(Stored items from a collection)
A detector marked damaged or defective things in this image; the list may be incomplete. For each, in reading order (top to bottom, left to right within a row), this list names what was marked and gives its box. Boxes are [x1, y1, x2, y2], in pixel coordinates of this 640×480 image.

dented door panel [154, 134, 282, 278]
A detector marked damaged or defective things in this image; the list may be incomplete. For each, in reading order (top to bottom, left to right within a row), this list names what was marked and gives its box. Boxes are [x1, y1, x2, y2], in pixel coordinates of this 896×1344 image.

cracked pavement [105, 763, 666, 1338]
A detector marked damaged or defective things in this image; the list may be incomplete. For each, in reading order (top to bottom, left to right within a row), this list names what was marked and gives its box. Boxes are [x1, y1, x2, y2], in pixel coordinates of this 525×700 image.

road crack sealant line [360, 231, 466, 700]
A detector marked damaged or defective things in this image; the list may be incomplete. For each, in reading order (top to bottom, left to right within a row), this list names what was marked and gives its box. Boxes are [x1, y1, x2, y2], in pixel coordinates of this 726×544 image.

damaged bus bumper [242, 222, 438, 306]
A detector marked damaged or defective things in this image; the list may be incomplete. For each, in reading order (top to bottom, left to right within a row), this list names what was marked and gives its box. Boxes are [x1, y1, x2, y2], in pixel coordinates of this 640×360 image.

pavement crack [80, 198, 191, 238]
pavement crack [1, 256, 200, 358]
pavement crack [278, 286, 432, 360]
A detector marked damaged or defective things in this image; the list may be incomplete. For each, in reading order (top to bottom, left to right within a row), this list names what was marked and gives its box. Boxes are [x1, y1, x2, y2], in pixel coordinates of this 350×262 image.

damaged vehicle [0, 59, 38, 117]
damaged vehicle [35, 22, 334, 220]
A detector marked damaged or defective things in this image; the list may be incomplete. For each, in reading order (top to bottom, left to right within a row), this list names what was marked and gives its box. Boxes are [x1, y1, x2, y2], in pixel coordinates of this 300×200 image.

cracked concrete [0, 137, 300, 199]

WHAT YOU NEED TO DO
Output the line containing "this 350×262 image." and each line after it through the close of the entries, unchanged and with no other lines.

RESPONSE TO THIS TASK
A detector marked damaged or defective things in this image; the list may be incomplete. For each, in reading order (top to bottom, left to right within a row), this list names what was marked and gives its box. Boxes are [x1, y1, x2, y2], in pixel coordinates of this 350×262 image.

damaged vehicle [0, 59, 38, 117]
damaged vehicle [35, 22, 334, 220]
A detector marked damaged or defective things in this image; the list may be incomplete. For each, in reading order (top to bottom, left to right within a row), this list names what was marked and gives its box. Boxes are [x1, y1, x2, y2], in pixel coordinates of this 300×200 image.

cracked concrete [0, 137, 300, 199]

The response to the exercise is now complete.